You may roll up to twice on a gather information; each roll is accompanied by a d4+1 hours required for the search. If you decide to roll twice word may get around of your questioning.
 

log in or register to remove this ad

Mr. Black
Perception: 4
Sense Motive: 2
Search: 5
AC: 14;
FF: 13;
Touch: 11
Spell Slots"
0: [X] [] [] [] []
1st: [] [] [] []
HP: 8
Init: 1
Fort: 2
Ref: 1
Will: 2
Buffs
-
none-


Mr. Black stays calm, running options through his mind as the best way to deal with this person.

Is he a threat?

They're obviously in some kind of slum. Mr. Black is used to slums.

He relaxes so as not to look like a threat. He raises his arms up,

"Listen, mate, you gots me mixed up with some other...biter..."

Trying hard to use the local lingo. It's obviously Common Tongue so even magic won't be able to translate it. He just needs to learn the dialect. Fast.

"You look like hell, yerself. How you gonna get to your lathly house like that? You'll stumble into some gutter an' get your throat cut. Then it'll be them,"
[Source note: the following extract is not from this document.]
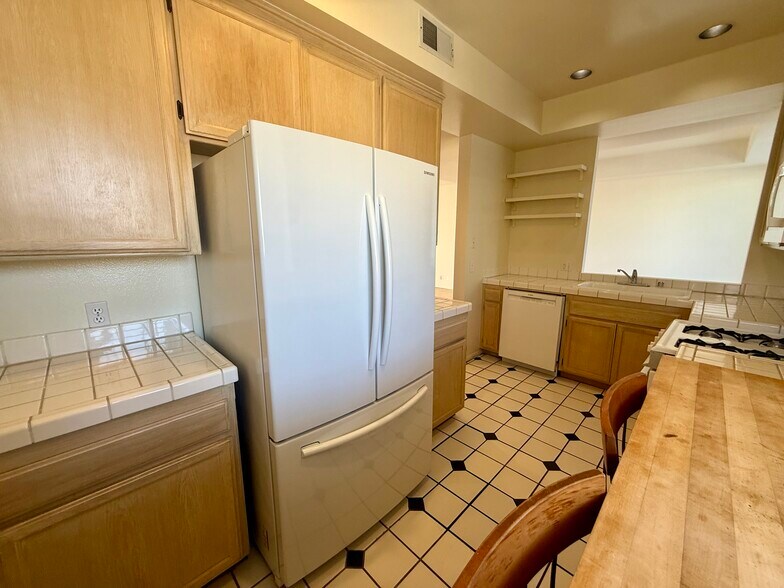 Building Photo - 1937 Euclid St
He points to the robed men across the way,

Listen, mate, look at me! Here with ain't nothin' to do. Might just as well get'cha home first, before you... earn me that page."
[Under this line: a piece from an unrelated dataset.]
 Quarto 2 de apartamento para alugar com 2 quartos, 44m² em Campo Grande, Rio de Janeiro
He's not sure if any of the stuff he said made sense but he offers his hand out as a truce.


Okay!

I think Lathly is a swear word?
Not sure what Earn a Page means but I think it means to beat me up.
biter? just an insult?
Not sure what Styx is...other than he's an Aasimar and maybe that's an insult?
Edit: Rube...like a bumpkin? Naive?

Anyways, I'm trying for a diplomacy check here:
The guy is hammered and I'm making a guess that he's about to walk home. We're in dangerous slums so walking home alone drunk is a dangerous thing that anyone in the slum would know is a death wish (or inviting yourself to be mugged). So I'm offering to help him make sure he gets home.

diplomacy: 1D20+5 = [17]+5 = 22
Long term plan is to have a 'safe' place for the night and mine this guy for information.
 
Last edited:

Mr. Black
The aasimar blinks at you, his eyes trying, and failing, to track. Confusion ripples across his face. He sways on his feet and each time you finish a sentence his fist dips toward the ground. You can almost hear the gears in his mind grinding away, chewing on your speech and spitting out fragments that don’t quite fit. He tries a spit out a full sentence.
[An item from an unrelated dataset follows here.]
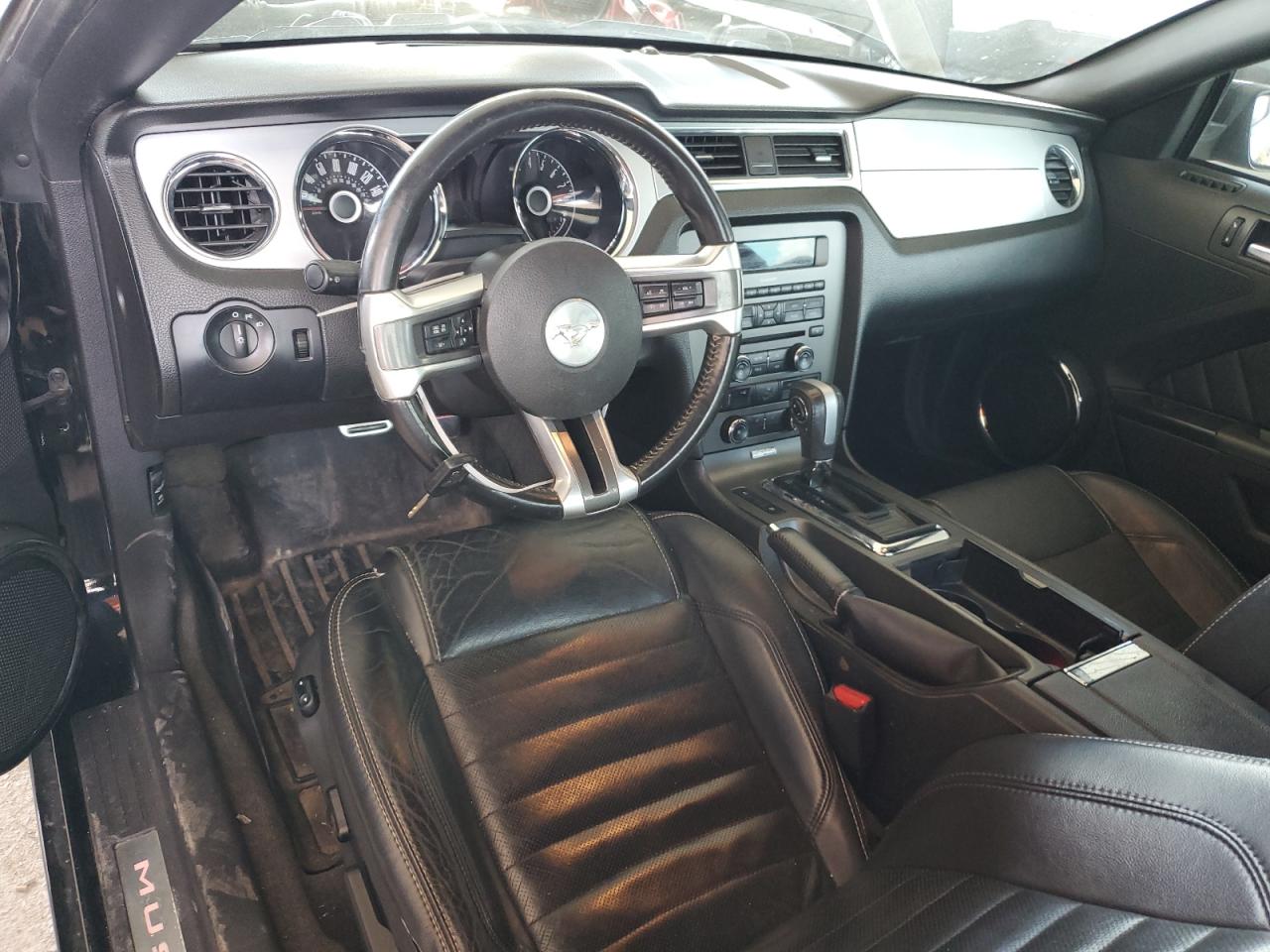 2014 Ford Mustang - Image 8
“Backring Prime, ye shou— hic—”

Before he can finish, a clawed hand settles on his shoulder. A half-fiend steps in beside him, his skin giving off the faintest smell of brimstone cut with the sour tang of cheap tavern beer. His presence steadies the aasimar, who relaxes into a kind of indifference.

“Bar that you’re jangled up, alright,” the fiend drawls, giving the aasimar a reassuring pat before turning his sharp, ember eyes to you.
“Sorry about that. I gave him a bit of abyssal razorwine, and this bubbler can’t hold it. He's just looking for a fight, but you seemed to slow him down alright. Name’s Mordikai.” He grins, showing a hint of fangs. “And you sound as cagestruck as any prime fresh out the door.”

The aasimar mumbles something unintelligible, feathers ruffled and posture slumped, but it’s clear the fiend’s presence is the only thing keeping him from pitching face first into the street. The two seem mismatched at a glance, yet there’s an ease between them an odd, companionship forged somewhere between alcohol, bad decisions, and shared misadventures.
 

Luke Cinder

Every one of them knows something about someone, but none of them talk for free and even when they do, you can’t trust a word. Still, you already know where your mark holes up. What you need now is information and in the Hive, the only way to get that is to sift through its people just like they sift through its refuse, never sure which scrap will cut you and which will pay off.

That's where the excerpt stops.